Extracted data
════════════════════

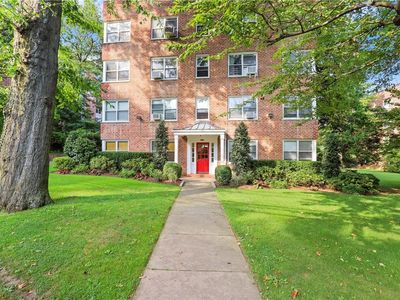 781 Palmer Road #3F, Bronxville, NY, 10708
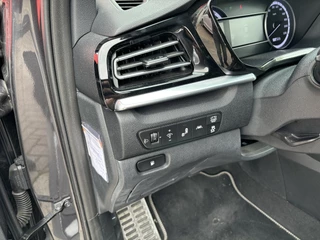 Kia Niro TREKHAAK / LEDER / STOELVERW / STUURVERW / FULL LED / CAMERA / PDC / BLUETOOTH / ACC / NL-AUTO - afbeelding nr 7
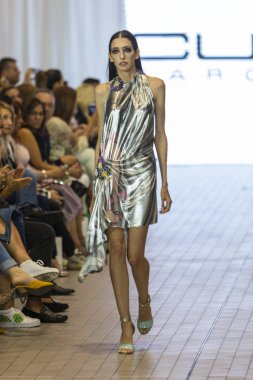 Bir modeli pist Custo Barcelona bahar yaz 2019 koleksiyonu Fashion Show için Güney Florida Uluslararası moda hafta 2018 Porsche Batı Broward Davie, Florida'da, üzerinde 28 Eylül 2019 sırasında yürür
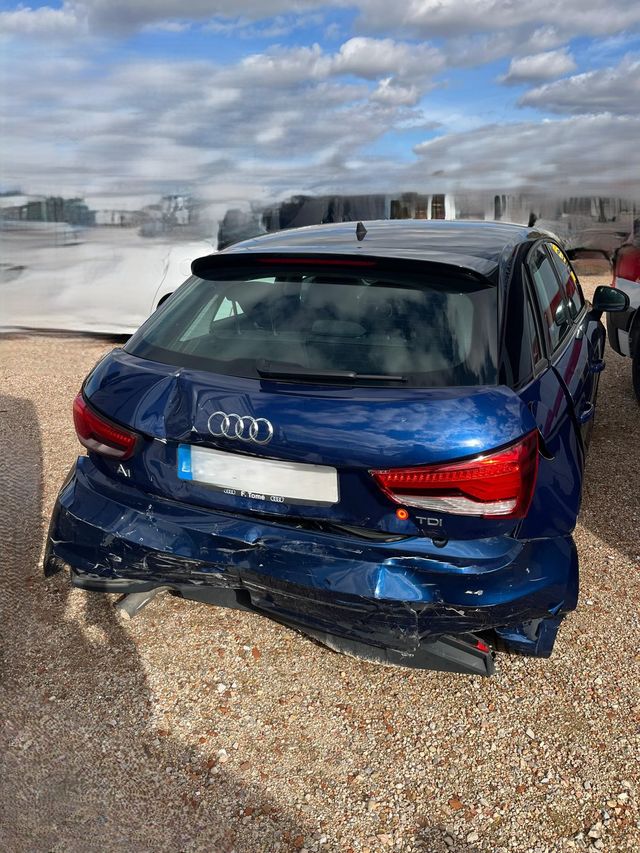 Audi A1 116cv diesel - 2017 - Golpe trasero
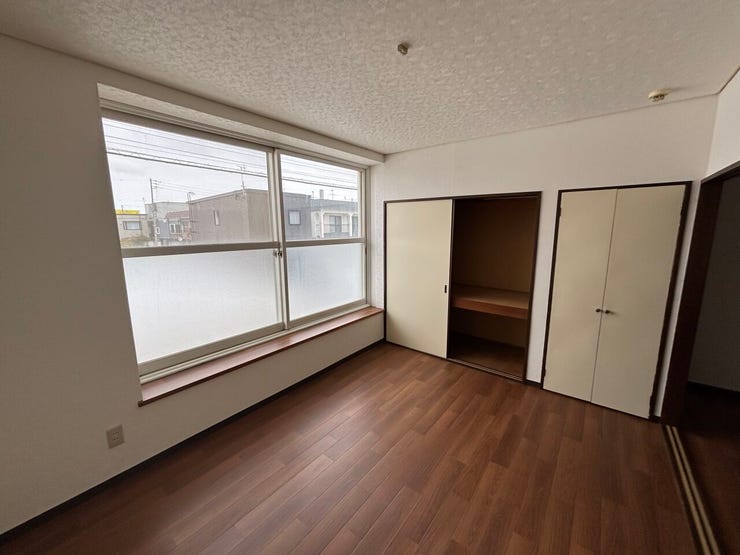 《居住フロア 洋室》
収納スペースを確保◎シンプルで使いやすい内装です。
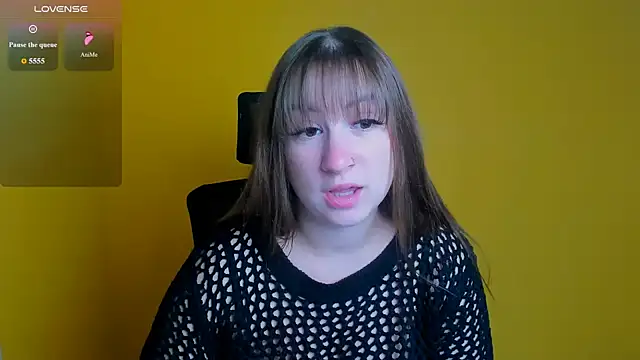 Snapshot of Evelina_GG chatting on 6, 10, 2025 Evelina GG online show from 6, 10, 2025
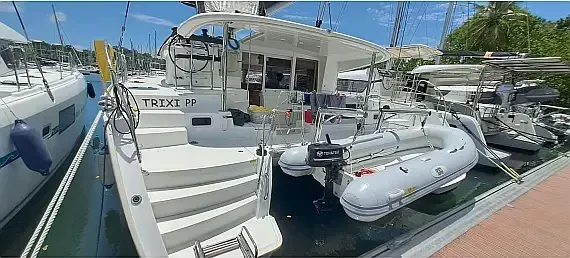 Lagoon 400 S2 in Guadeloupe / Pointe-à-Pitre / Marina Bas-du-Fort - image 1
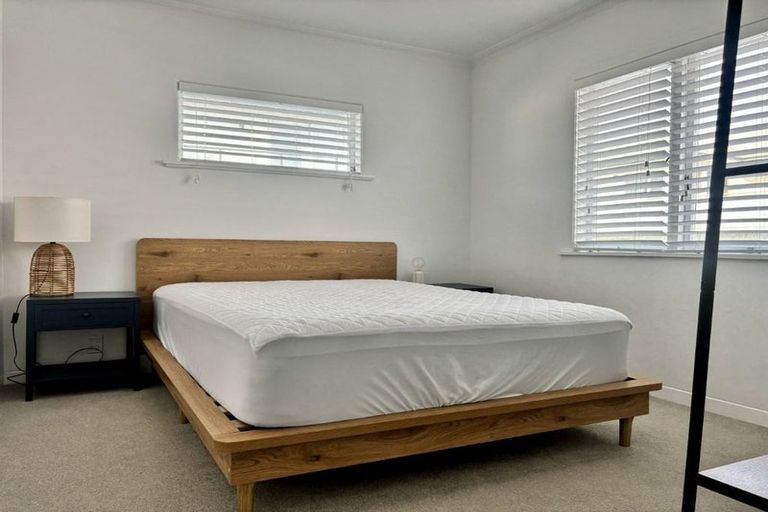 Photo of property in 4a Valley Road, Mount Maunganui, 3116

════════════════════

Problem statement
An exact copy of each entry is required, minus the pictures.

Response
 781 Palmer Road #3F, Bronxville, NY, 10708
 Kia Niro TREKHAAK / LEDER / STOELVERW / STUURVERW / FULL LED / CAMERA / PDC / BLUETOOTH / ACC / NL-AUTO - afbeelding nr 7
 Bir modeli pist Custo Barcelona bahar yaz 2019 koleksiyonu Fashion Show için Güney Florida Uluslararası moda hafta 2018 Porsche Batı Broward Davie, Florida'da, üzerinde 28 Eylül 2019 sırasında yürür
 Audi A1 116cv diesel - 2017 - Golpe trasero
 《居住フロア 洋室》
収納スペースを確保◎シンプルで使いやすい内装です。
 Snapshot of Evelina_GG chatting on 6, 10, 2025 Evelina GG online show from 6, 10, 2025
 Lagoon 400 S2 in Guadeloupe / Pointe-à-Pitre / Marina Bas-du-Fort - image 1
 Photo of property in 4a Valley Road, Mount Maunganui, 3116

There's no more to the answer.